Captioned web images:
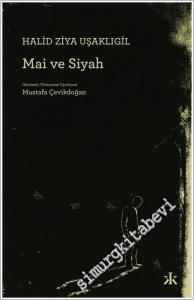 Mai ve Siyah -        2026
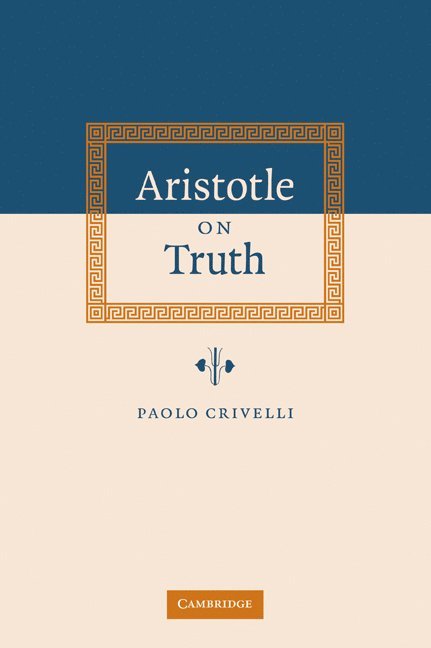 Aristotle on Truth 1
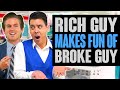 RICH Guy Makes Fun of BROKE Guy. Ends Up Regretting It. Totally Studios.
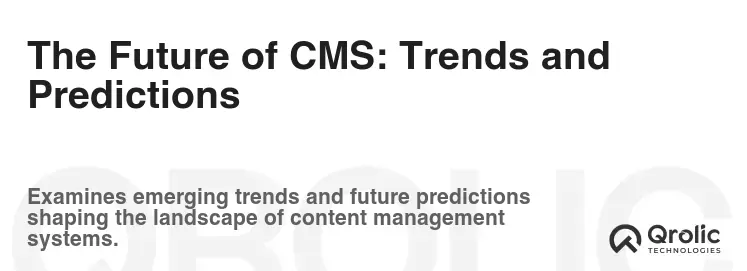 The Future of CMS: Trends and Predictions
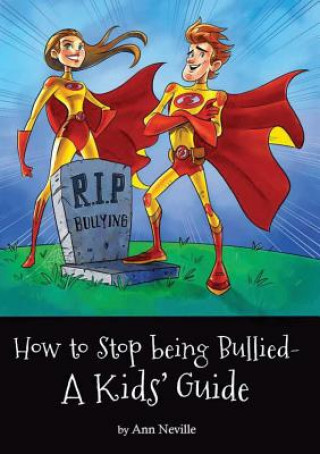 Könyv How to Stop being Bullied - A Kids' Guide ANN L NEVILLE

◆ **Work required**:
Give again, word for word, the line containing "The Future of CMS: Trends and Predictions" and every line after it to the end of the records; leave out the pictures.

◆ **Expected output**:
 The Future of CMS: Trends and Predictions
 Könyv How to Stop being Bullied - A Kids' Guide ANN L NEVILLE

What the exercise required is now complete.